| 要旨トップ | 目次 | | 日本生態学会第64回全国大会 (2017年3月、東京) 講演要旨 ESJ64 Abstract |
一般講演(ポスター発表) P2-P-457 (Poster presentation)
地際萌芽やルートサッカーなど、個体の接続性を確認するのが困難な樹木において、これを非破壊で探査するための方法として、体脂肪測定などに用いられる生体インピーダンス法を適用し、その可能性について調べた。
地下で複数幹が接続する萌芽性樹木において、2本の萌芽幹の間に微弱な交流(1kHz-100kHz)を流し、オシロスコープを取り付けてシグナル計測を行った(4電極法)。また、萌芽性樹木と土壌において、LCRメーターを用いたインピーダンスの測定を行った。実験材料にはルートサッカーをつくるニセアカシア(Robinia pseudoacacia)を用いた。
地上部に出ている幹および土壌に電極を設置して内部インピーダンスを計測したところ、周波数1kHzから100kHzではインピーダンスは20kΩ〜50kΩ程度を示し、周波数の増加と共に低下した。位相回転は-7°〜-22°の範囲で周波数と共に増加した。一方、接地インピーダンスは1kHz〜25kHzの範囲では測定不能(ほぼ絶縁状態)であり、位相回転も非常に大きかった。

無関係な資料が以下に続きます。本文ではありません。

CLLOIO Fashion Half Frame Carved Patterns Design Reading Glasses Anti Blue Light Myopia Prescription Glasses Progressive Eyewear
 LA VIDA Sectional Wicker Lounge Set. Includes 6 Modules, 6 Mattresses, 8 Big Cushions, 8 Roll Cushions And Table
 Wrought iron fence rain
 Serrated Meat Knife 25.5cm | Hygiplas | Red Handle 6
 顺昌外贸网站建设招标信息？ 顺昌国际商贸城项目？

一方の萌芽幹から他方の幹に流れる交流は、レベルは大幅に低下するものの位相回転が少ないため識別可能であり、地面へのリーク電流や他個体への地下を通した流れ込みはレベル低下と位相ズレの双方を伴っていた。また、一度刈り払いなどの攪乱を受けて地上部が切除された後で再萌芽した幹ではレベル低下が顕著に生じることが認められ、当該の幹を採取し断面を確認したところ形成層から辺材部にかけて組織異常が確認された。